Hesse, more than any other writer in the 20th century, had a remarkable ability to remember the anxieties, idealism and passions of youth and to express that experience in his short stories, poems and novels. From his earliest "hit", Peter Camenzind (1904) through such other novels with special appeal to youth such as Unterm Rad, Der Steppenwolf, or Demian (originally published under the pen name, Emil Sinclair), Hesse touched ever widening circles of readers. As he matured, his works began to include deeper and more universal existential and spiritual insights which appealed increasingly to mature and serious readers. With his Das Glasperlenspiel (The Glass Bead Game) he would win the Nobel Prize for Literature (1946). He would also win the Goethe Prize (1946) and the Peace Prize of German Bookdealers (1955).
Hesse was born in the Black Forest of Germany, but spent a good deal of his life in Switzerland. From 1830-1836 his family lived in Basel, Switzerland as domestic missionaries of the pietistic movement. After moving back to Germany Hesse left again to permanent residence in Switzerland in 1912. In 1923 he gave up his German citizenship and became a Swiss citizen.
Hesse's youth was troubled. He was a brilliant lad who could learn with great ease and great speed if he was interested. School did not interest him. After several failed attempts in a series of schools, he finally became an apprentice clock maker and later an apprentice book seller.
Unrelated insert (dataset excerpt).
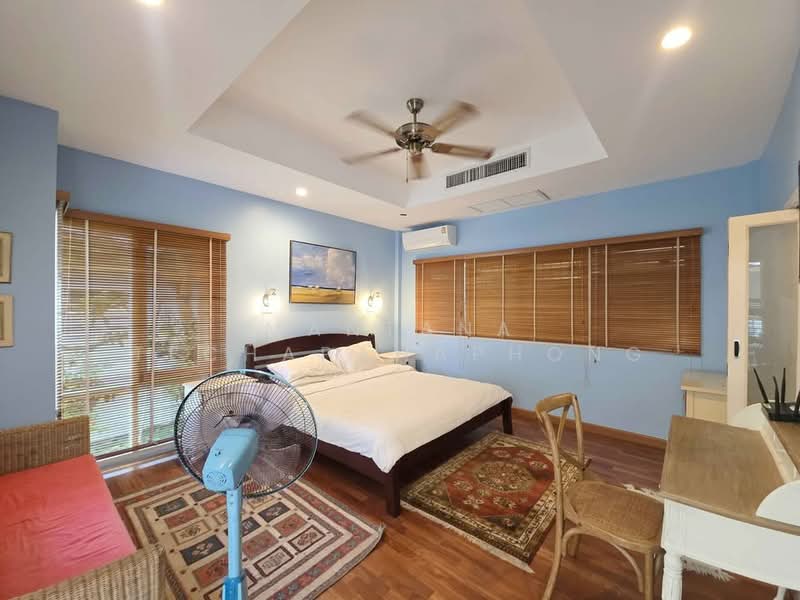 undefined, Prachuap Khiri Khan, Hua Hin, Prachuap Khiri Khan, 3 Bedrooms, 190 sqm, Single Detached House For Rent, by Mantana Techapahaphong, 500482661 - DDproperty.com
On the subject of his youth and school, Hesse said of himself, "I was not a very manageable boy". Just how unmanageable was perhaps best expressed by his father in 1893, "Humiliating though it would be to us, I am nevertheless seriously wondering if we should not put him into an institution or farm him out to strangers. We are too nervous and too weak for him." In the end his family did stand by him. During his apprenticeships and working as a book seller, he began to write and published his first book, Romantische Lieder (Romantic Songs) at age 21. From the publication of Peter Camendzind (age 27) and for the remainder of his life he was able to make a living from his writing.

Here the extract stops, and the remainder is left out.